From time to time, I give these characters their own ‘fifteen minutes of fame’ or passionate moments because it fits the story and adds another layer of humanness. The Game of Thrones is popular because Martin has built a world of characters who play to the human condition on all levels and who allow us to love, hate, pity, and enjoy more than just the hero. Ironically, the hero of today, John Snow, was not the hero in the beginning.
Martin has given himself room to grow, move and evolve his fictional world and characters. These are the kind of characters who should be allowed to live within the framework of historical romance, or the better term—romantic historical. It’s a hybrid. The reader gets to experience more.
Sexuality is a Part of History, and No Less Important
When I write, a movie often plays out in my head. As the story progresses and the main and supporting characters—young feisty women and virile men, often warriors—are thrown together, it’s only natural that at times they feel longings and passions. If as moviegoers we can watch the expression of lovemaking, then is there not a place for it in a romantic historical?
Sexuality, passion, and romance, aside from money, do run the world or at least keep it populated! Thousands of readers and viewers were drawn to the passionate relationship between Jamie and Claire in Outlander. In The Game of Thrones, sexuality and passion also motivate the characters whether in the form of love, lust, power, or revenge.

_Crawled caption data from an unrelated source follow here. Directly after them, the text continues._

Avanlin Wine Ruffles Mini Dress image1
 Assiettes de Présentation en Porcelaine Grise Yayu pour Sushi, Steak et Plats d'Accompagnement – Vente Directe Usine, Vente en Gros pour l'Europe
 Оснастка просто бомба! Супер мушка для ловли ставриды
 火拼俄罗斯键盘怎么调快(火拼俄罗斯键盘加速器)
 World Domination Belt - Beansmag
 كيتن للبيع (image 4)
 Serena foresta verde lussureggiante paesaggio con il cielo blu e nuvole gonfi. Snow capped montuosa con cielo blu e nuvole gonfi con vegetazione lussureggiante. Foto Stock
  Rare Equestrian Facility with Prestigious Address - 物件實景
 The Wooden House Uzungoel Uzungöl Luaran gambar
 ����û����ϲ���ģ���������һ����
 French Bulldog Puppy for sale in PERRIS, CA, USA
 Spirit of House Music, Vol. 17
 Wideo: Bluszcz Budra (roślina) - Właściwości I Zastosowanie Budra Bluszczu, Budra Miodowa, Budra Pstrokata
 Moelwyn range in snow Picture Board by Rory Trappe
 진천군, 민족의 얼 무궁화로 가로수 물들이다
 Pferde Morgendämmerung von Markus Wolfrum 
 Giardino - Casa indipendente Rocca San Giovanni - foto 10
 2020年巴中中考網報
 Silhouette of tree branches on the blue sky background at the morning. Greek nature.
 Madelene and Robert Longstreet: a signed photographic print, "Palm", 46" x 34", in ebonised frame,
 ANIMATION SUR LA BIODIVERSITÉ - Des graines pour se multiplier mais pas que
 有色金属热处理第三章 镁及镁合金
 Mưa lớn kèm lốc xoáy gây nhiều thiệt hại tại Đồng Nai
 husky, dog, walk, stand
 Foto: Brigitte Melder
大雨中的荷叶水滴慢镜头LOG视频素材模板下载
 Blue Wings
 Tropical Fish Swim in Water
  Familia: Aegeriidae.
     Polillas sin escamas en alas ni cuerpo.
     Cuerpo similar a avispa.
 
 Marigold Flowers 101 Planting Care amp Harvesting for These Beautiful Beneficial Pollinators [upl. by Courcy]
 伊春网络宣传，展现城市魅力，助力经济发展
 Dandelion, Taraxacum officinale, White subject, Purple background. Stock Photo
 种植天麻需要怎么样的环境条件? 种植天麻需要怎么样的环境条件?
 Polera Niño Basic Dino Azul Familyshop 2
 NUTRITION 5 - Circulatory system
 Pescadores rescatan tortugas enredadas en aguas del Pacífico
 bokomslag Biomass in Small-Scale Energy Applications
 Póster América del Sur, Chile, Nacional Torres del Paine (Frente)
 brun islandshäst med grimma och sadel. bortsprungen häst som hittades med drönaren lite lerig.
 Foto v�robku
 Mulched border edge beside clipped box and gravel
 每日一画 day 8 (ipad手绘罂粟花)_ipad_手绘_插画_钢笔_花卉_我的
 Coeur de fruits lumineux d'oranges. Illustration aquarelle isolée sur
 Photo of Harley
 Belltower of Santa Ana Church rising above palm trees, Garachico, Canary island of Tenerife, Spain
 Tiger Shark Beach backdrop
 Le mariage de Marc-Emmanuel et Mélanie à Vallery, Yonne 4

Thanks to the fusion of historical and historical romance novels into ‘romantic historical’, modern readers view history, an array of characters, and human sexuality as essential to the art of historical fiction. The romantic historical is a hybrid genre come to life and worthy of recognition.
If you enjoy traveling back in time, why not find a romantic historical—or more commonly known as a historical romance—novel that will carry you through the pages and may even include a mystery, fantasy or just an epic tale.
*Romantic historical/Historical romance is one of the highest selling genres in the publishing marketplace.
“…at least keep it populated!” For sure! Loved your first book. Looking forward to reading the sequel when it comes out.
Cynthia Ripley Miller says
Thanks, Ron. BTW,Pleasurable population ain’t too bad. 🙂
Alaine Williams says
I like it when people come together and share ideas.
Great blog, stick with it!
Cynthia Ripley Miller says
Alaine, thanks for your support. It’s a feel good for me.
Cynthia Ripley Miller says
Thank you, Ajay for your support. I enjoy trying to bring interesting articles to my blog.